*** RECORDS FOR THIS EXERCISE ***

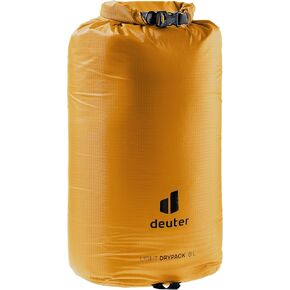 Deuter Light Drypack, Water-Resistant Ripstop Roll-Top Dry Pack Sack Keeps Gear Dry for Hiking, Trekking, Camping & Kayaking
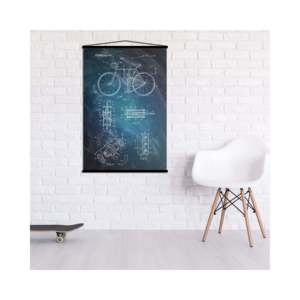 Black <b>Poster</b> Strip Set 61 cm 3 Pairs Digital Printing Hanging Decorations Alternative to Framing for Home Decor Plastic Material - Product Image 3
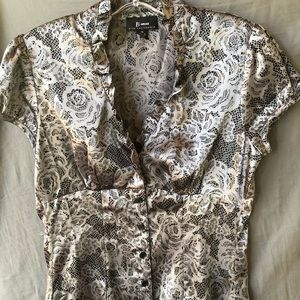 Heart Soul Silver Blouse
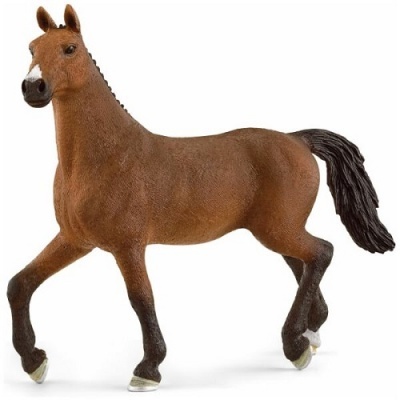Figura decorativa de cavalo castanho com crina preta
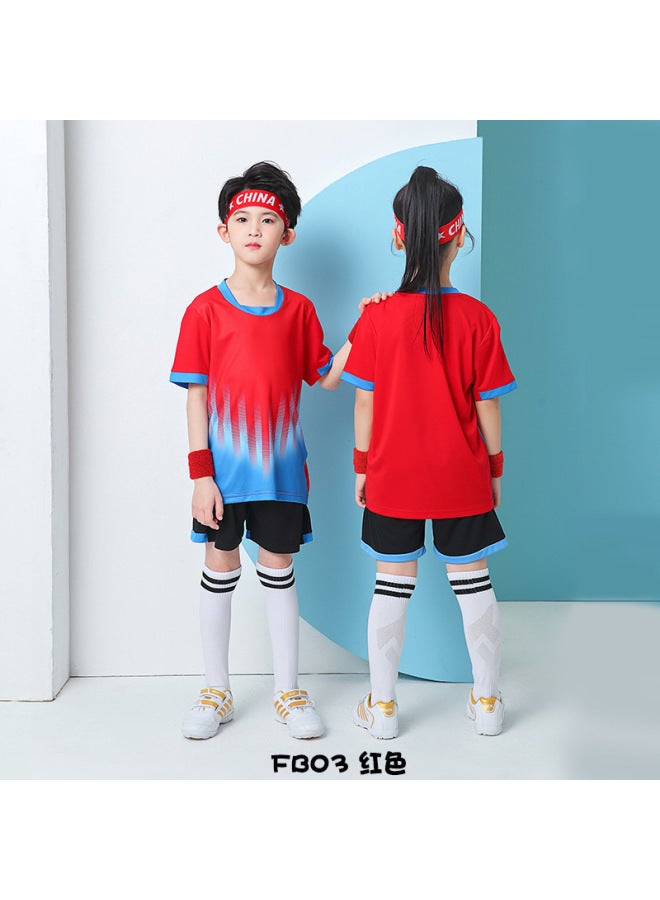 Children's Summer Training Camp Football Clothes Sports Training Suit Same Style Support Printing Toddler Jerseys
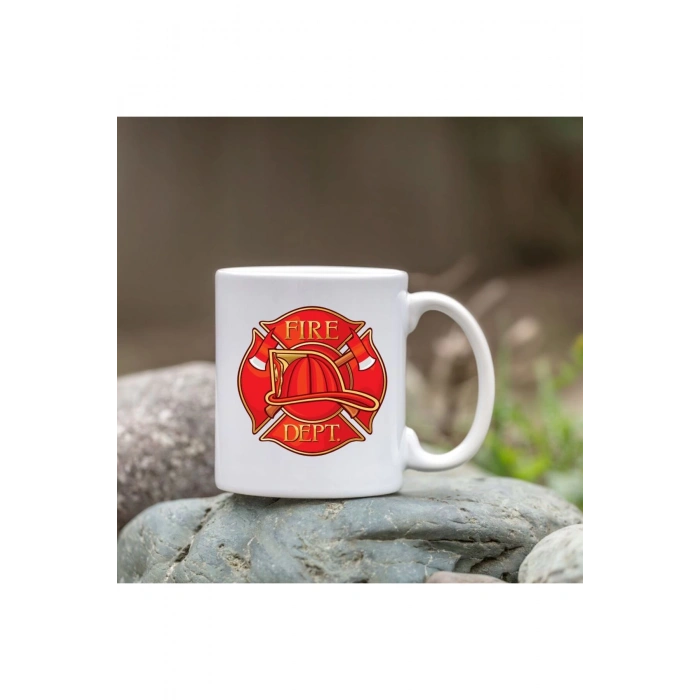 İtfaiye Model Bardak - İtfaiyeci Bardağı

***

> WORK ORDER: Each line above is to be repeated exactly as written; no picture is carried over.

> ANSWER SECTION:
 Deuter Light Drypack, Water-Resistant Ripstop Roll-Top Dry Pack Sack Keeps Gear Dry for Hiking, Trekking, Camping & Kayaking
 Black <b>Poster</b> Strip Set 61 cm 3 Pairs Digital Printing Hanging Decorations Alternative to Framing for Home Decor Plastic Material - Product Image 3
 Heart Soul Silver Blouse
Figura decorativa de cavalo castanho com crina preta
 Children's Summer Training Camp Football Clothes Sports Training Suit Same Style Support Printing Toddler Jerseys
 İtfaiye Model Bardak - İtfaiyeci Bardağı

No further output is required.